#### Data under study:
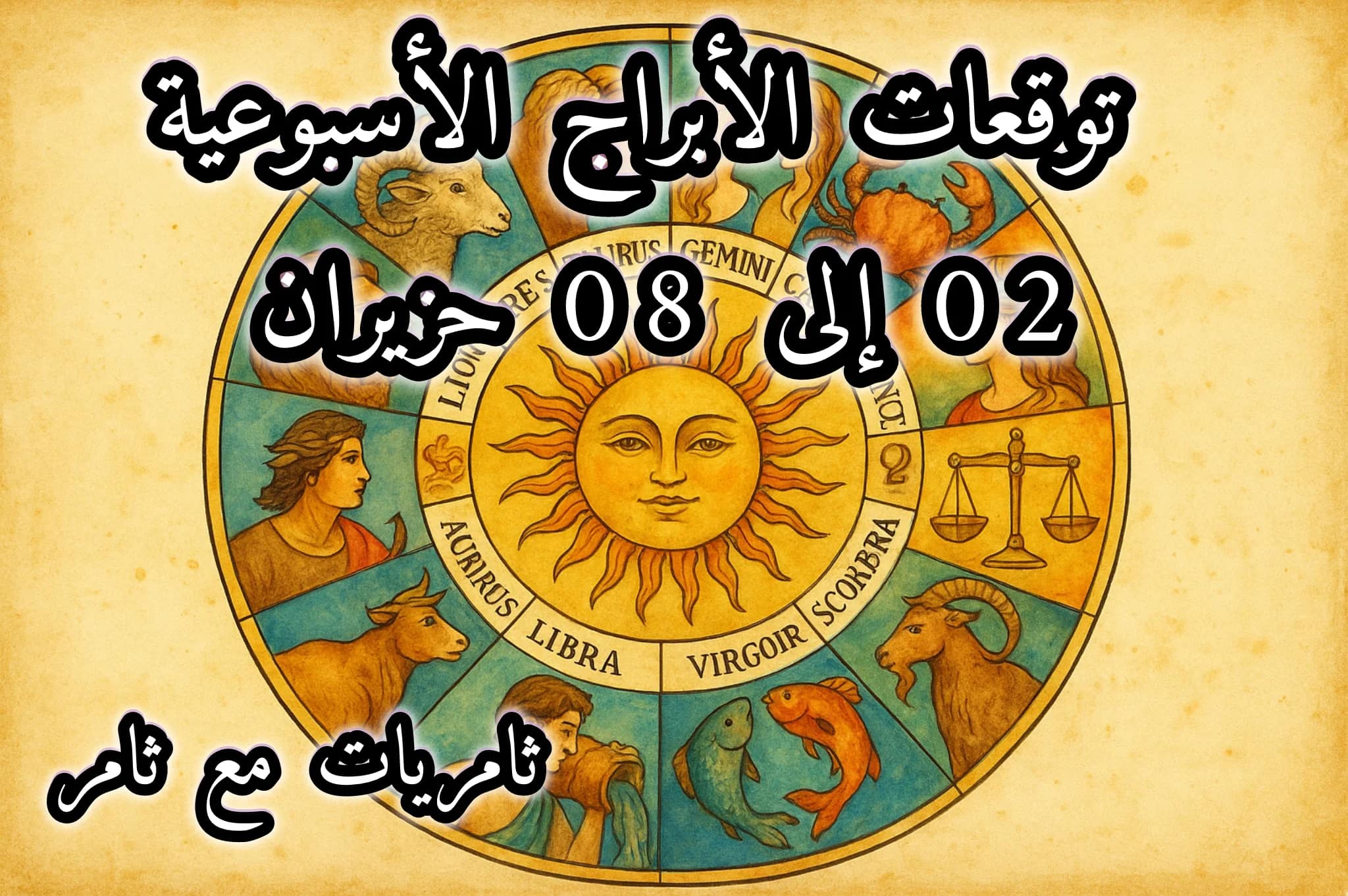 توقعات الأبراج الأسبوعية 2 إلى 8 حزيران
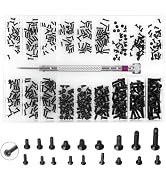 Computer Screws Laptop Screws 500 Pcs M1.2/M1.4/M2.0 Small Screws Kit for Motherboard PC SSD Glas...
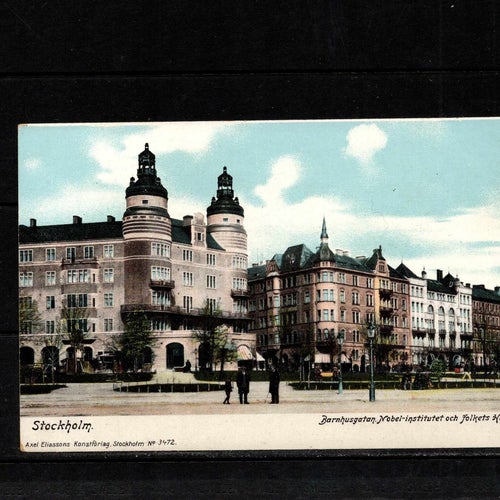 Stockholm Barnhusgatan Nobel-institutet och folkets hus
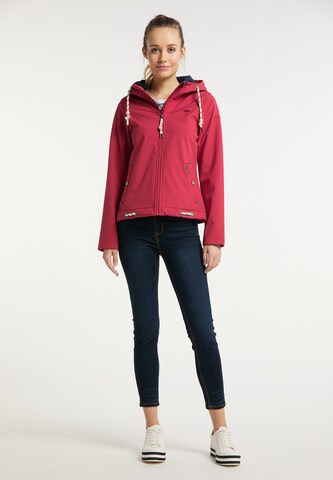 Schmuddelwedda Between-Season Jacket in Red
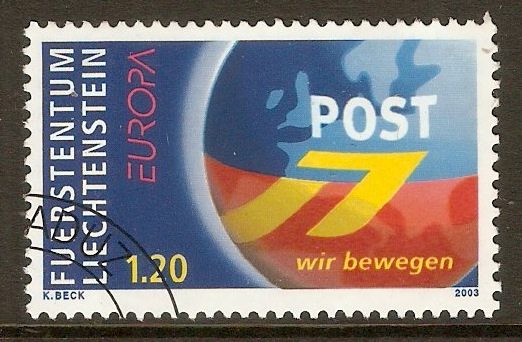 Liechtenstein 2003 Europa stamp. SG1294.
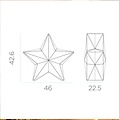 Newgarden Nova Leuchtstern LED Farbwechsel Solar und Akku 46 cm Weiß - Thumbnail 3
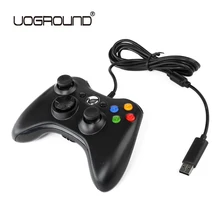 USB проводной Joypad геймпад черный игровой контроллер для Xbox тонкий 360 джойстик для служебного Microsoft ПК для Оконные рамы 7/ 8/10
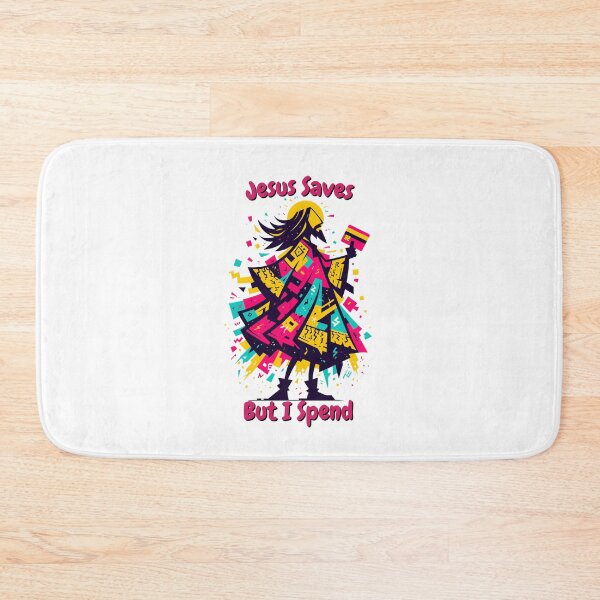 Item preview, Jesus Saves But I Spend – Funny Capitalism Satire designed and sold by SADStyleDesigns.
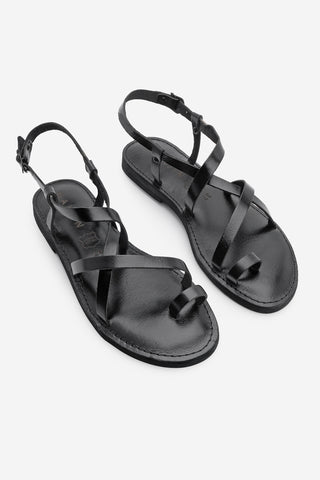 Kadın Hakiki Deri Günlük Sandalet Belova - Siyah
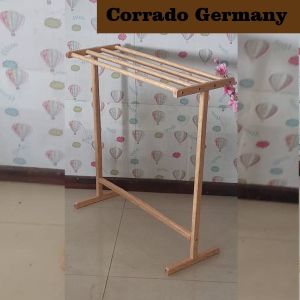 Towel Rack Small Simple Solid Rubber Wood Hanger Rack Stand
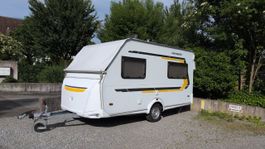 Wohnwagen Weinsberg CaraTwo 390 QD mit Schutzdach & Vorzelt
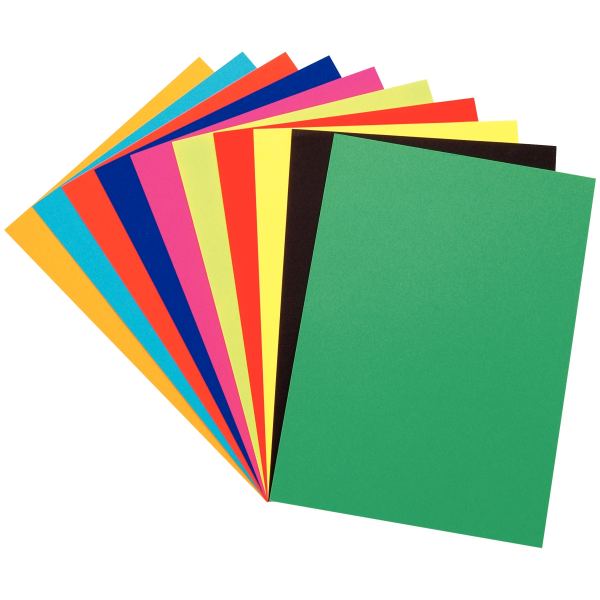 Paquet de 100 feuilles à dessin de couleurs 24x32 cm 250g, N.C — DESSIN SCOLAIRE ET PROFESSIONNEL
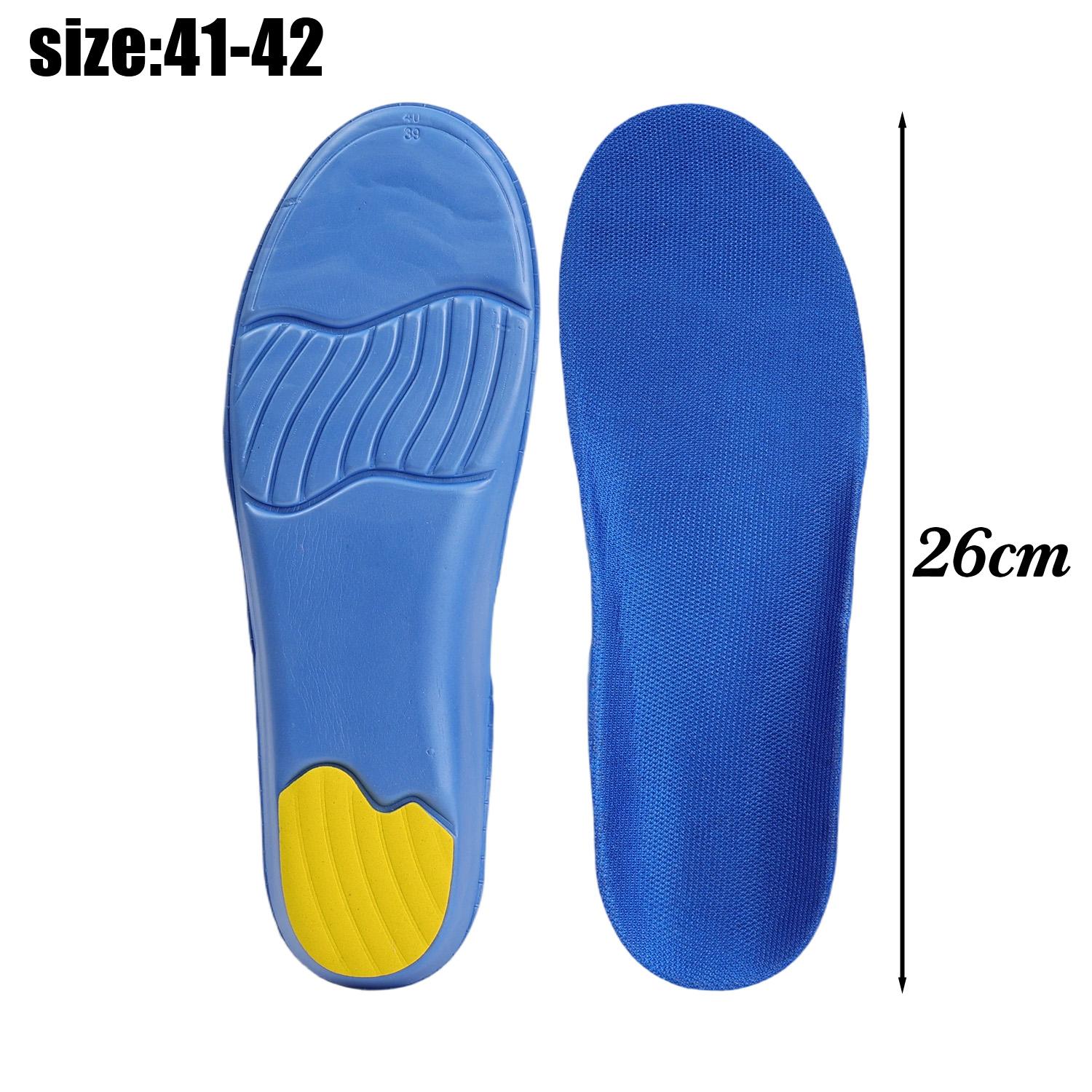 Steunzolen Fasciitis plantaris Relief Orthopedische inzetstukken Schokabsorptie EVA-gel voor hardloopsportschoenen Werk Voetpijn: Bruin / 1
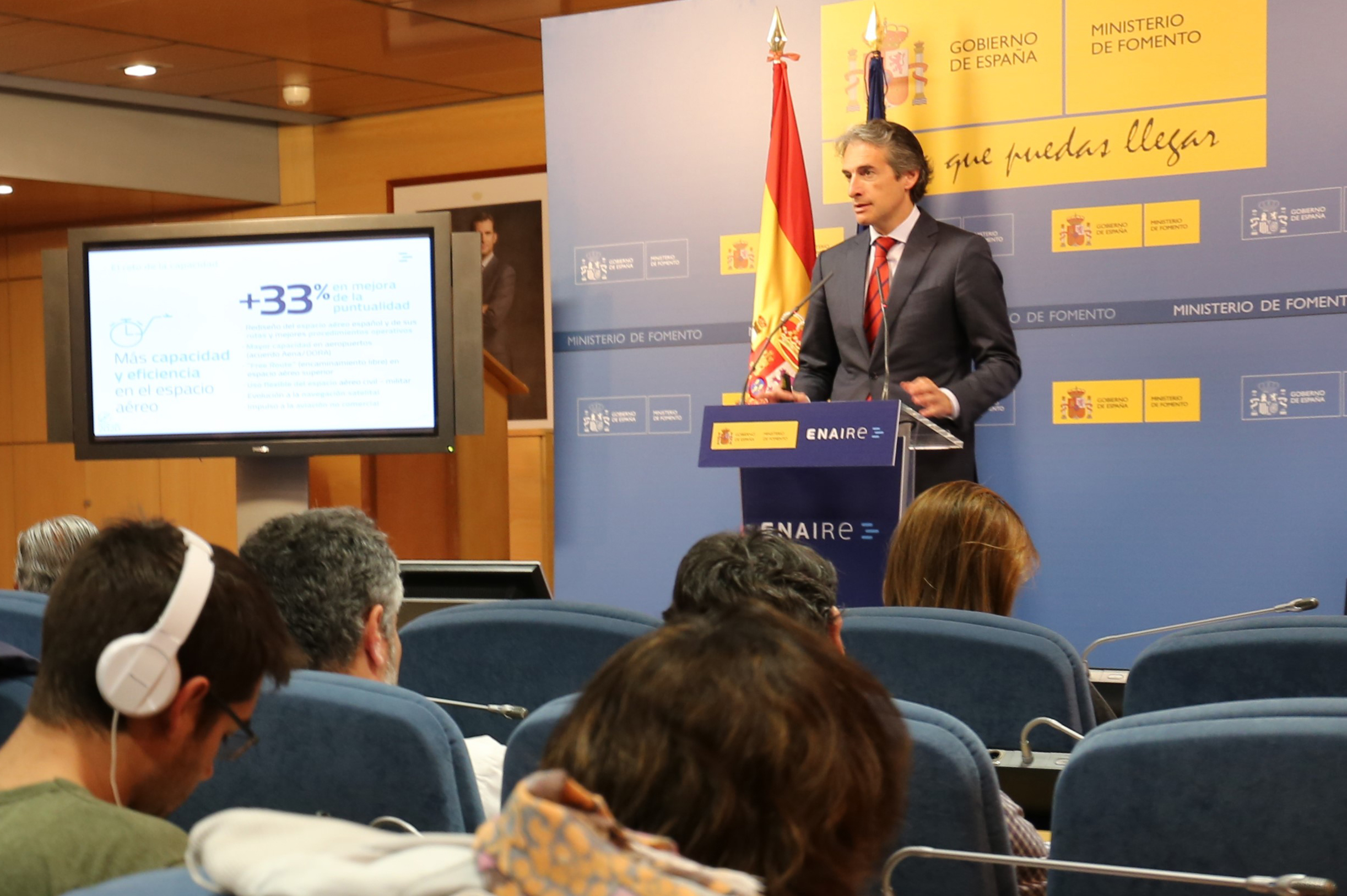 ESPAÑA:10/05/2017. El ministro de Fomento presenta el nuevo Plan de Navegación Aérea 2017-2020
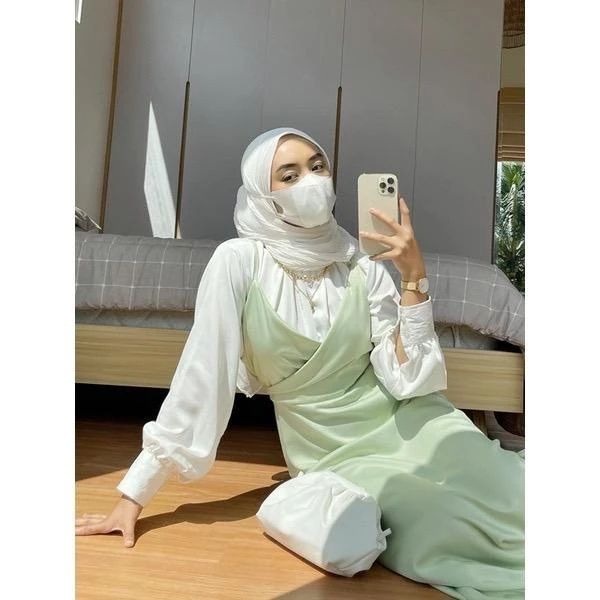 Alina overall dress | overall wanita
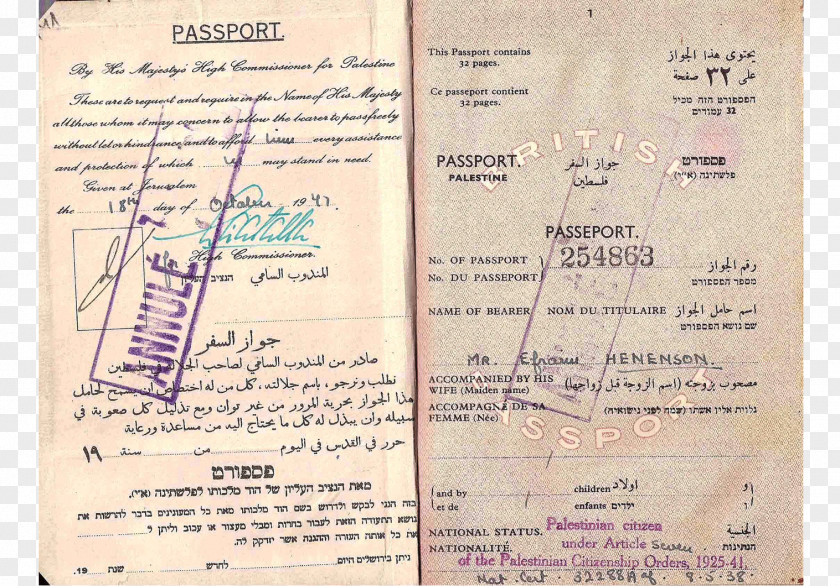 Passport Document Palestinian Authority Palestinians PNG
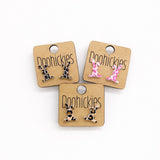 Leopard Floppy Ear Bunny Stud Collection - Easter Earrings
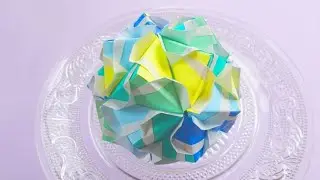 【折り紙】くすだま【Easy origami】 Kusudama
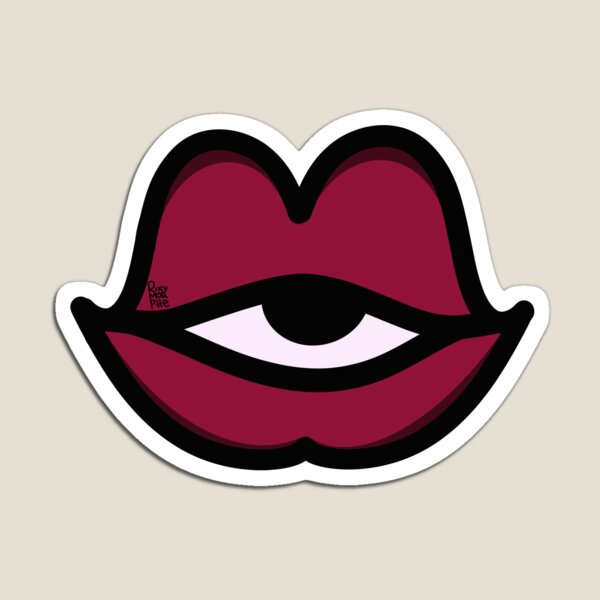 Item preview, I'm Seeing You - Lips with an Eye - Doodle designed and sold by rikymorphe.
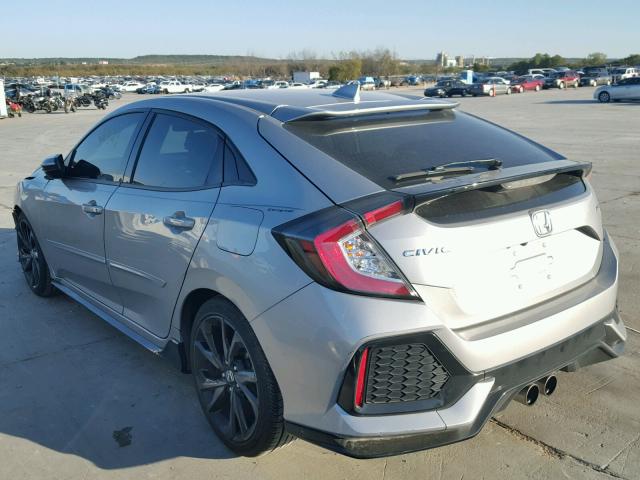 SHHFK7H48HU213259 - 2017 HONDA CIVIC SPOR SILVER photo 3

#### What you are asked to do:
Starting with the first line of the material, print each line exactly until you have printed the line with "Alina overall dress | overall wanita", and skip the pictures.

#### Task output:
 توقعات الأبراج الأسبوعية 2 إلى 8 حزيران
 Computer Screws Laptop Screws 500 Pcs M1.2/M1.4/M2.0 Small Screws Kit for Motherboard PC SSD Glas...
 Stockholm Barnhusgatan Nobel-institutet och folkets hus
 Schmuddelwedda Between-Season Jacket in Red
 Liechtenstein 2003 Europa stamp. SG1294.
 Newgarden Nova Leuchtstern LED Farbwechsel Solar und Akku 46 cm Weiß - Thumbnail 3
 USB проводной Joypad геймпад черный игровой контроллер для Xbox тонкий 360 джойстик для служебного Microsoft ПК для Оконные рамы 7/ 8/10
 Item preview, Jesus Saves But I Spend – Funny Capitalism Satire designed and sold by SADStyleDesigns.
 Kadın Hakiki Deri Günlük Sandalet Belova - Siyah
 Towel Rack Small Simple Solid Rubber Wood Hanger Rack Stand
 Wohnwagen Weinsberg CaraTwo 390 QD mit Schutzdach & Vorzelt
 Paquet de 100 feuilles à dessin de couleurs 24x32 cm 250g, N.C — DESSIN SCOLAIRE ET PROFESSIONNEL
 Steunzolen Fasciitis plantaris Relief Orthopedische inzetstukken Schokabsorptie EVA-gel voor hardloopsportschoenen Werk Voetpijn: Bruin / 1
 ESPAÑA:10/05/2017. El ministro de Fomento presenta el nuevo Plan de Navegación Aérea 2017-2020
 Alina overall dress | overall wanita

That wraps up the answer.